Холод багровых рук рассеялся вокруг бутылки с самогоном — мутным, как морщины сожженного лица. Безразлично истлев, лицо спешно нырнуло в душно-смрадную пустоту воротника старой шубы с вытершимся мехом. Невнятная дрожь в синюшном молчании; взгляд, бледный, словно марево, вонзился в треснувшую белизну окна. Сквозь его трещины в чадную рюмочную въедалась безумно-желтая улица.
Захохотав, Ниночка прикрыла окно, и со словами «простудишься, глупый», обняла подвешенный, будто в нелепых качелях, труп.

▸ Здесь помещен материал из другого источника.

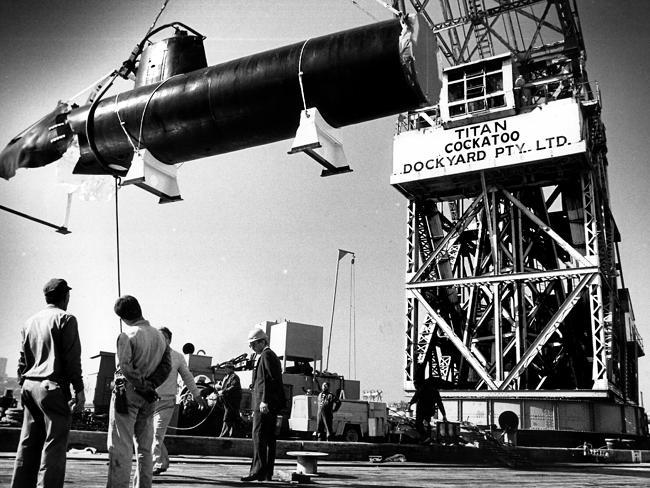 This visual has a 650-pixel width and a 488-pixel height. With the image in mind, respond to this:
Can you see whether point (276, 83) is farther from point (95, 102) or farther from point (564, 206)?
point (564, 206)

Из недр коридора рассмеялись, да так заливисто и громко, что Ниночка оторопела. Едва ее полувидимая фигурка метнулась к двери, как нараставший гул хмельного веселья бесшумно вкатился в растерзанную людьми и обласканную смертью комнату. Синеющие от холода призрачные руки подхватили ее тельце, подбросив к мерцавшим, как ночной снег, лицам — Ниночка растаяла в чужих предсмертных плясках, не тронувших белый клочок на веревке. Он так и остался висеть у прозрачно-темного окна, подобно маятнику.

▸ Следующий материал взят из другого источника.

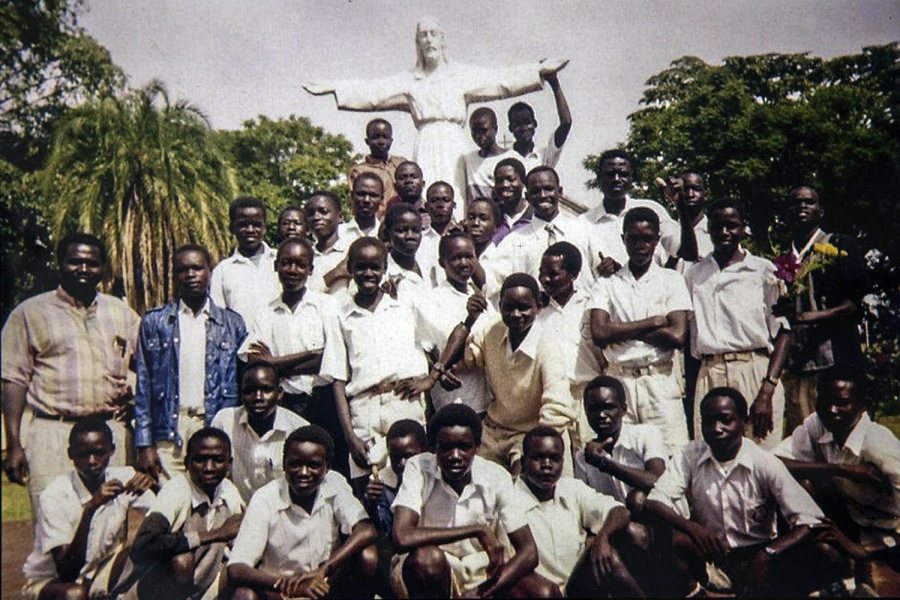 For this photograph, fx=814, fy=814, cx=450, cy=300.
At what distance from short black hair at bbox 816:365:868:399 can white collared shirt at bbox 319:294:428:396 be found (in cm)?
215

Когда бестелесная толпа скользнула за угол двора, на их пути повстречался развалившийся на части желто-серый, как улица, покойник, собиравший милостыню на гроб. Подперев изломанной погнутой спиной старенький деревянный флигель, он протянул в никуда, по-детски маленькую, ладонь.

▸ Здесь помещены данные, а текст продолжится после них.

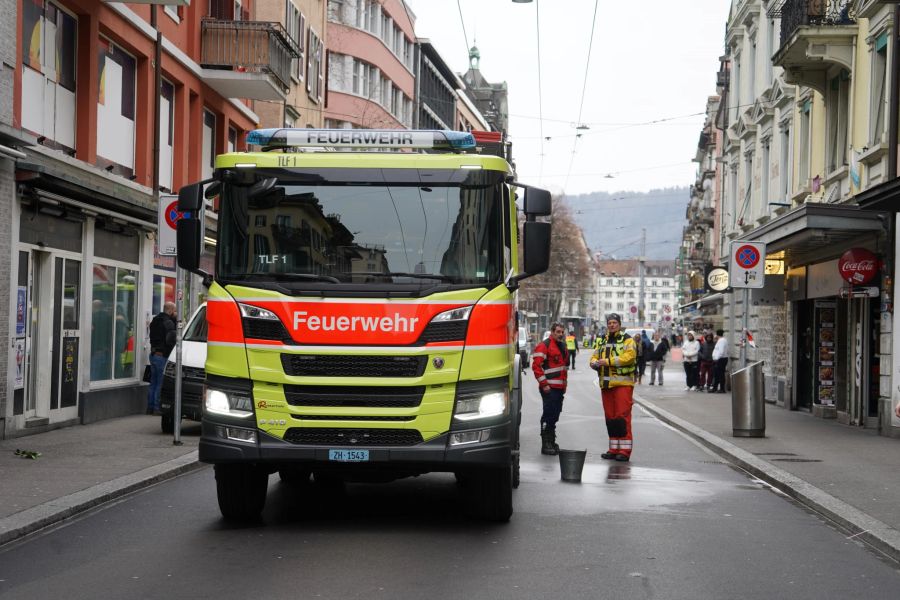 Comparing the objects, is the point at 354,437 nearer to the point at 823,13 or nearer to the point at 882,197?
the point at 882,197

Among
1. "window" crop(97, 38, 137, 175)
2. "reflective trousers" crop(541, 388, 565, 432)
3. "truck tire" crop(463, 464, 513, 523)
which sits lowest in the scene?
"truck tire" crop(463, 464, 513, 523)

— Пойдем! Полетаем, да разгуляемся от смертушки! — хохотнули внутри себя призраки.
Раскрыв в недоумении лицо, покойник хихикнул сквозь слезы: «Да неужто не я один такой», — и радостно вцепился в посмертное вихревое счастье.
Так и взлетели они над черно-белой петербургской пустыней, ласково облаченной в январский метельный саван.